» **WORK INSTRUCTIONS**: Everything in the data should be repeated exactly, save for the images.

= Beginning of Section =

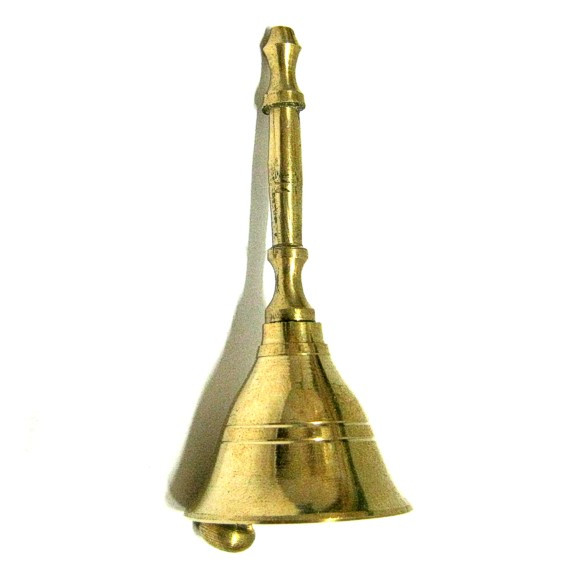 Колокольчик 8,5см, D37мм латунь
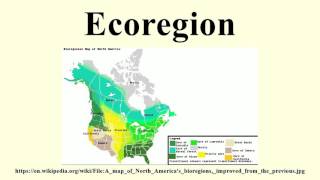 Ecoregion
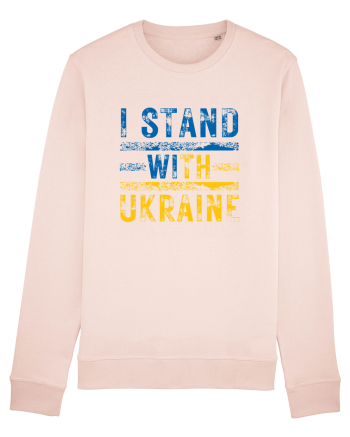 I Stand With Ukraine Candy Pink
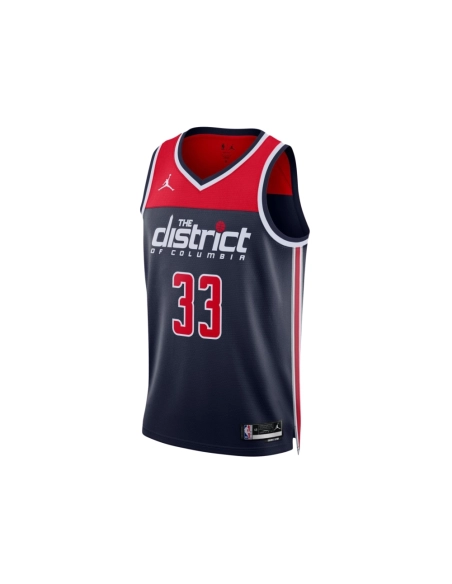 Unisex Washington Wizards Kyle Kuzma Navy Swingman Jersey - Statement Edition,Washington Wizards,NBA,JERSEY with free shipping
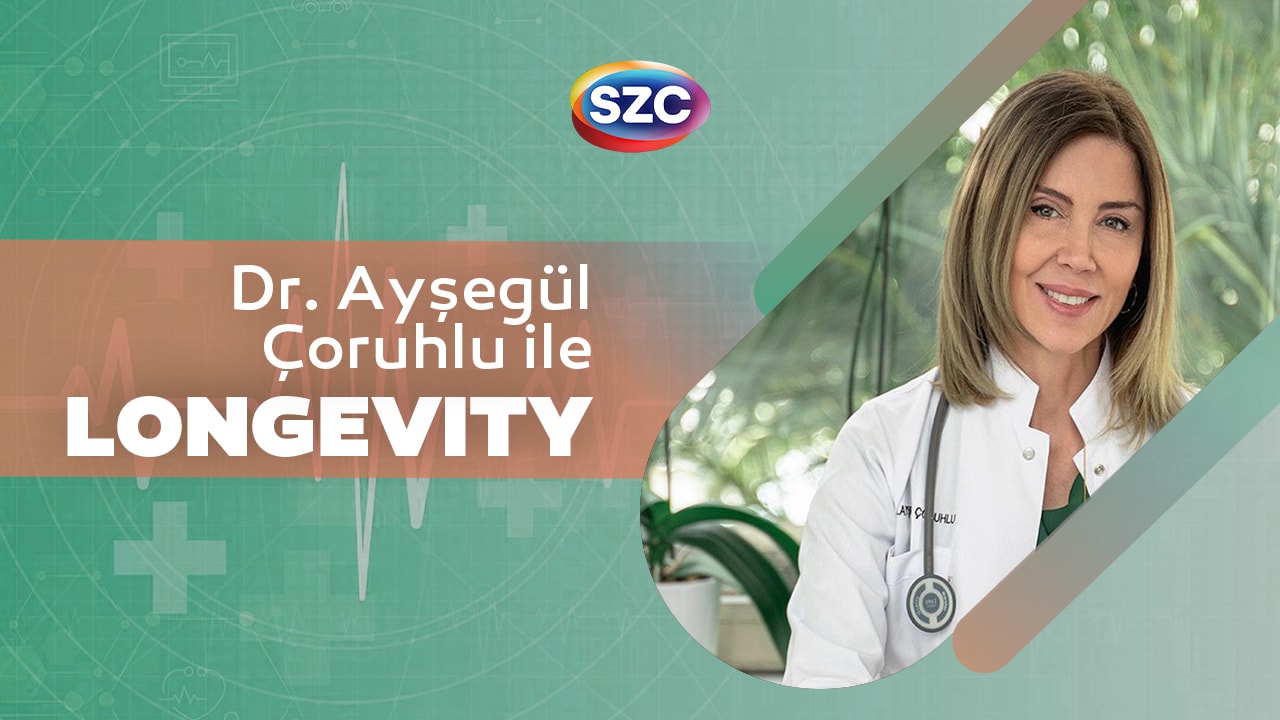 Hormonlar Yaşlanmayı Nasıl Yönetiyor? Bu 10 Yıl Çok Kritik! | Dr. Ayşegül Çoruhlu ile Longevity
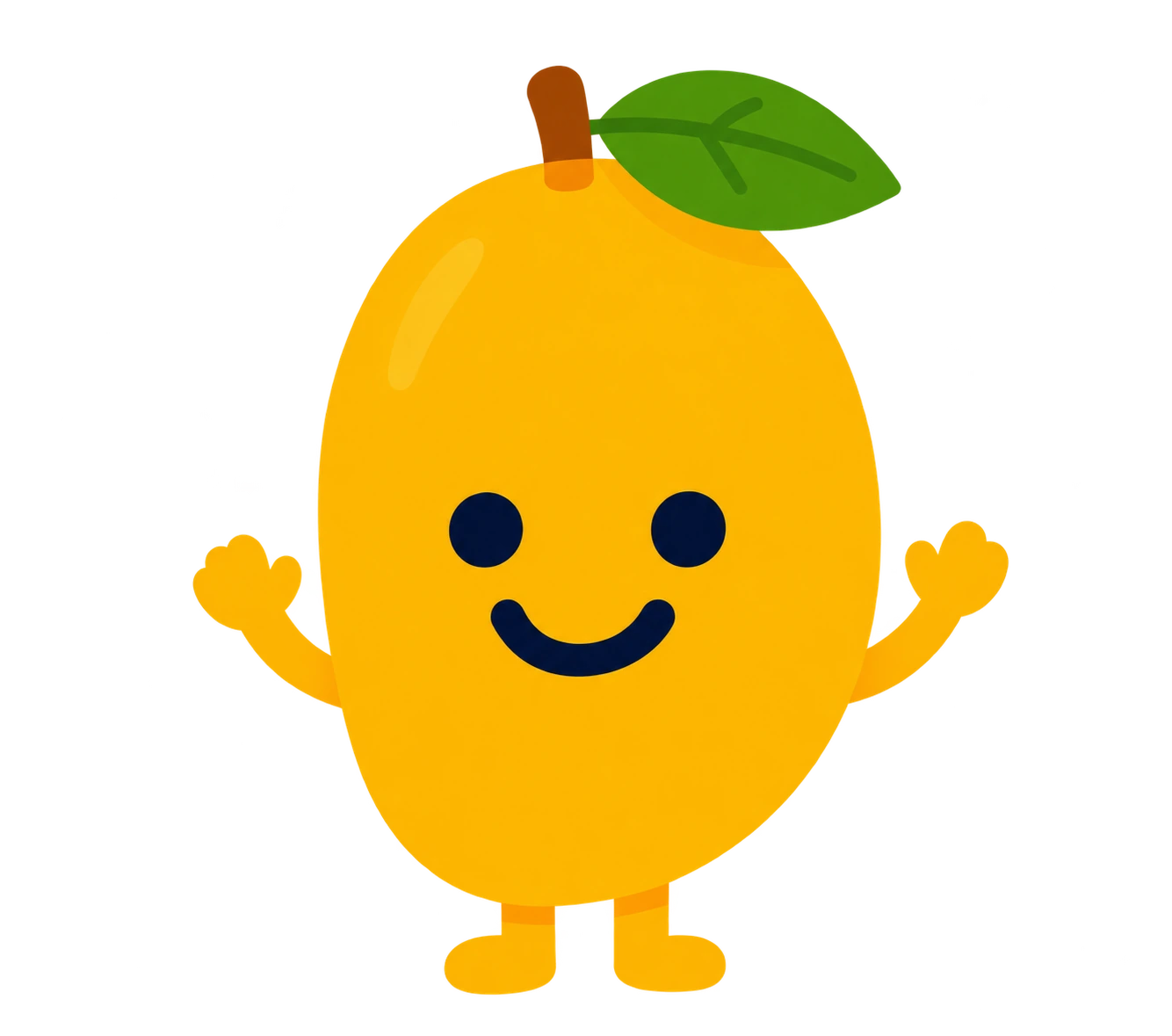 Tuuths Mango character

= End of Section =

» **EXERCISE RESULT**:
 Колокольчик 8,5см, D37мм латунь
 Ecoregion
 I Stand With Ukraine Candy Pink
 Unisex Washington Wizards Kyle Kuzma Navy Swingman Jersey - Statement Edition,Washington Wizards,NBA,JERSEY with free shipping
 Hormonlar Yaşlanmayı Nasıl Yönetiyor? Bu 10 Yıl Çok Kritik! | Dr. Ayşegül Çoruhlu ile Longevity
 Tuuths Mango character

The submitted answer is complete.